7T MRI could aid glioma treatment assessment

2019 03 05 23 19 1033 7 T Mri Gliomas Paech 20190305233613

Using 7-tesla MRI to image the brains of glioma patients, German researchers have correlated the protein content of those tumors with patient response to treatment and likelihood of survival, according to a study published online on 26 February in European Radiology.

The findings could be quite beneficial because approximately half of all glioma patients have an extremely aggressive form of the disease. The earlier clinicians can determine a person's responsiveness to treatment, the better they can determine the optimal course of action.

A conventional morphological contrast-enhanced 3-tesla MR image of a brain tumor (left) versus protein measurement using 7-tesla MRI (right). Images courtesy of Dr. Daniel Paech and European Radiology.A conventional morphological contrast-enhanced 3-tesla MR image of a brain tumor (left) versus protein measurement using 7-tesla MRI (right). Images courtesy of Dr. Daniel Paech and European Radiology.

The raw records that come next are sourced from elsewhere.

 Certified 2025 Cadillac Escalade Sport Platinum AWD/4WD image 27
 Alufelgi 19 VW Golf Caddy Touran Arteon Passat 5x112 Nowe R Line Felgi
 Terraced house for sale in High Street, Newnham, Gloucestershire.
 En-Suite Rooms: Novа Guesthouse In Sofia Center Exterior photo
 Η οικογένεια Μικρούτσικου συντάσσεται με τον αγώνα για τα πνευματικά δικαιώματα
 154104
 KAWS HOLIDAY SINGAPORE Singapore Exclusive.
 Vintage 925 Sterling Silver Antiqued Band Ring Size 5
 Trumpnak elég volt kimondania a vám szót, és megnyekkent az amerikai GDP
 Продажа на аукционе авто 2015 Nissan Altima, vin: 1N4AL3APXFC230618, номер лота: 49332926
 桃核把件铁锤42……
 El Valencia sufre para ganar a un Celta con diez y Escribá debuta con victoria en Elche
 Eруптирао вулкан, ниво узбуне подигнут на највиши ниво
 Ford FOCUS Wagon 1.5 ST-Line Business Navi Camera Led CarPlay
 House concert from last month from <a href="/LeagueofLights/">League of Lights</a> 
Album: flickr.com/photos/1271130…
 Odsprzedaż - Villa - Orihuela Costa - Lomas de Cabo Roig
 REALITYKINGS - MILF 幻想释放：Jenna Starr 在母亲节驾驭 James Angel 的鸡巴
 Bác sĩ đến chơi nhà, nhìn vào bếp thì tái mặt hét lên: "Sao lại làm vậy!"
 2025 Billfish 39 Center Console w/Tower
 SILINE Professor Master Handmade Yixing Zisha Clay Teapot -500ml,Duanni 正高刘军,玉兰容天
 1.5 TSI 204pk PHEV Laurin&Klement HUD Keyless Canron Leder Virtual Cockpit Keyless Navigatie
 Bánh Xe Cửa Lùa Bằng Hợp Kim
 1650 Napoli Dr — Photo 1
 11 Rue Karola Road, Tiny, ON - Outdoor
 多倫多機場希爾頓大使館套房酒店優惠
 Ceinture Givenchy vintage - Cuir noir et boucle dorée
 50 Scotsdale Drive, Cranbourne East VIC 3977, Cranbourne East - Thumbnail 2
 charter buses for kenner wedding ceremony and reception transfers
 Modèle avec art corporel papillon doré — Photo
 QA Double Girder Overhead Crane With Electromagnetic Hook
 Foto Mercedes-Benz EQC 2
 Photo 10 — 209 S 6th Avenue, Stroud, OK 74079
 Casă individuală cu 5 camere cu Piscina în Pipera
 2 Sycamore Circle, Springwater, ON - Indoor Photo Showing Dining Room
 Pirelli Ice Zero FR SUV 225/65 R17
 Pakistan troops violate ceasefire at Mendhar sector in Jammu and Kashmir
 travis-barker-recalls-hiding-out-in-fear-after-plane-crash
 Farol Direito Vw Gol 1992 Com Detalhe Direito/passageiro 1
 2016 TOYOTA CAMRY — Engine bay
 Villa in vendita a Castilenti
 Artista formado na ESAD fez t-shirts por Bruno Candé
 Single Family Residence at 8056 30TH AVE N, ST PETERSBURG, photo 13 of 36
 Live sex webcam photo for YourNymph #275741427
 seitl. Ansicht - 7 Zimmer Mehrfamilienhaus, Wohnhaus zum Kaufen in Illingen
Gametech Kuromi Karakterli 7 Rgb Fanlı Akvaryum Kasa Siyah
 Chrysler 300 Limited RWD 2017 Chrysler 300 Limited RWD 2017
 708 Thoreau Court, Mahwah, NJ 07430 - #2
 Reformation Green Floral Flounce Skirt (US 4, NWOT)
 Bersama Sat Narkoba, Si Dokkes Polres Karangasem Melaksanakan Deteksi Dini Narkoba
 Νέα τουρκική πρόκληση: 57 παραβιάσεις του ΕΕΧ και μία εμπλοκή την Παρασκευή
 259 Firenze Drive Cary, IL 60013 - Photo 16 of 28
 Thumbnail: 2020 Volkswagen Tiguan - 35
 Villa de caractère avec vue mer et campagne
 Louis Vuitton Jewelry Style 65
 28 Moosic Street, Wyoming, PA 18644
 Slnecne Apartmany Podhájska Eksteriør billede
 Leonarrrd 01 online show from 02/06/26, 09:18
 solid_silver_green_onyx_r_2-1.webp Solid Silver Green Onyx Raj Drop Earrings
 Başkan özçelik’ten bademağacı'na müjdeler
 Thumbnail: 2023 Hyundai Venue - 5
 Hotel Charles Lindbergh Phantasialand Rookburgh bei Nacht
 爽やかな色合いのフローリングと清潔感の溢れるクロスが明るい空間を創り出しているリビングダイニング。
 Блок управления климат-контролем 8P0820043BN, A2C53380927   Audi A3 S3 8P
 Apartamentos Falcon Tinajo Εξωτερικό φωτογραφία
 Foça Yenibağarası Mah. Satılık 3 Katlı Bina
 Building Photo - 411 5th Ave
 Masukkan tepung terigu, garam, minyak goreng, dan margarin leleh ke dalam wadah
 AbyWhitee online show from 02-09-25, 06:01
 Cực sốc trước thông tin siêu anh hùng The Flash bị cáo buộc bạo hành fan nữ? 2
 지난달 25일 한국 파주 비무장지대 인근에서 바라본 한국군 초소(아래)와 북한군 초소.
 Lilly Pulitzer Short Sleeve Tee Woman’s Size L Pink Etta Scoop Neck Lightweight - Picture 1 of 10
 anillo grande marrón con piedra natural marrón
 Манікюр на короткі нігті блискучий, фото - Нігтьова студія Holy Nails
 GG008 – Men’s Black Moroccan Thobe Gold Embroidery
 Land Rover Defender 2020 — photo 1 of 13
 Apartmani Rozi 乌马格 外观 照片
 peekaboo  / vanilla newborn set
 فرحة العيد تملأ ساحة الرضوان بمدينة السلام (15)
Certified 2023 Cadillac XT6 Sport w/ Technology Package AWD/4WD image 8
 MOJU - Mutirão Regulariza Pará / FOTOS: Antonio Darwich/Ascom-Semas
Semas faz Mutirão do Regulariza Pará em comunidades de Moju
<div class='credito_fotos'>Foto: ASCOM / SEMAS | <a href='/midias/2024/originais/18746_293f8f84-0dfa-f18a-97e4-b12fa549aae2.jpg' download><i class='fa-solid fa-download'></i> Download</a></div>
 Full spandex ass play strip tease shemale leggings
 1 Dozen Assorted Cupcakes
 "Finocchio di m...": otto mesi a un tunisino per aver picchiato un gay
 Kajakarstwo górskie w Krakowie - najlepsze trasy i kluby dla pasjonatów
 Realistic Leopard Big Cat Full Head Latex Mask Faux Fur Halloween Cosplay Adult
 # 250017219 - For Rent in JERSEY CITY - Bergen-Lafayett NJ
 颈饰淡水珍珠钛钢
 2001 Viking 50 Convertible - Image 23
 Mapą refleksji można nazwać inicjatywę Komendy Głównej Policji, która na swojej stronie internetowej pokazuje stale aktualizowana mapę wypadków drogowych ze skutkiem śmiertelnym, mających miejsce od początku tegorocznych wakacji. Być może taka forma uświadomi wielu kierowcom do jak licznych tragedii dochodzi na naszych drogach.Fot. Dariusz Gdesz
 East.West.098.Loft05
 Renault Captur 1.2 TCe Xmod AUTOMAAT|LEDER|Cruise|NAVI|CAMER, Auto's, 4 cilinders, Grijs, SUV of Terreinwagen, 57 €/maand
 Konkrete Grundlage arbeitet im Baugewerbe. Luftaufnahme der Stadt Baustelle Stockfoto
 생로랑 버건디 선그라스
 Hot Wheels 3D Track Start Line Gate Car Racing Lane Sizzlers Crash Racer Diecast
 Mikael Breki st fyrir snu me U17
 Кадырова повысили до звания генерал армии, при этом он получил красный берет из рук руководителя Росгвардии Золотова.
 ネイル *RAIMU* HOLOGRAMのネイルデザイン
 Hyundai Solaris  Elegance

"Malignant gliomas respond very diversely to treatment," explained lead author Dr. Daniel Paech, from the division of radiology at the German Cancer Research Center (DKFZ), in a statement. "In some of the cases, postoperative radiotherapy and chemotherapy are more effective than in others. And whether the tumor has, in fact, responded to treatment cannot be told before the first follow-up care exam six weeks after treatment ends."

For this study, Paech and colleagues utilized noncontrast-enhanced 7-tesla MRI to target the chemical exchange saturation transfer (CEST) effect between the proteins and free water in tissue. Because cancer cells grow in an uncontrolled manner, they produce proteins in an equally uncontrolled manner, Paech noted.

If an ultrahigh-field MRI scan is performed, the protein signal could be used to determine how rapidly the tumor might grow. Clinicians could then choose a more effective form of therapy from the start of treatment and improve a patient's chances of recovery and/or survival.

"Our study shows that the protein signal measured in the [7-tesla] MR image is a biomarker that is associated with survival as well as with treatment response of patients: The stronger the protein signal, the poorer the prognosis," he said.

Paech and colleagues plan to continue their research with a prospective study to examine in a larger patient group whether protein measurement is possible using a 1.5- or 3-tesla MRI scanner.

"If a 3-tesla MRI machine can equally measure the elevated protein expression in the tumor, then our results may be used broadly to enhance diagnostics in glioma patients, because 3-tesla machines are available in many hospitals," he said.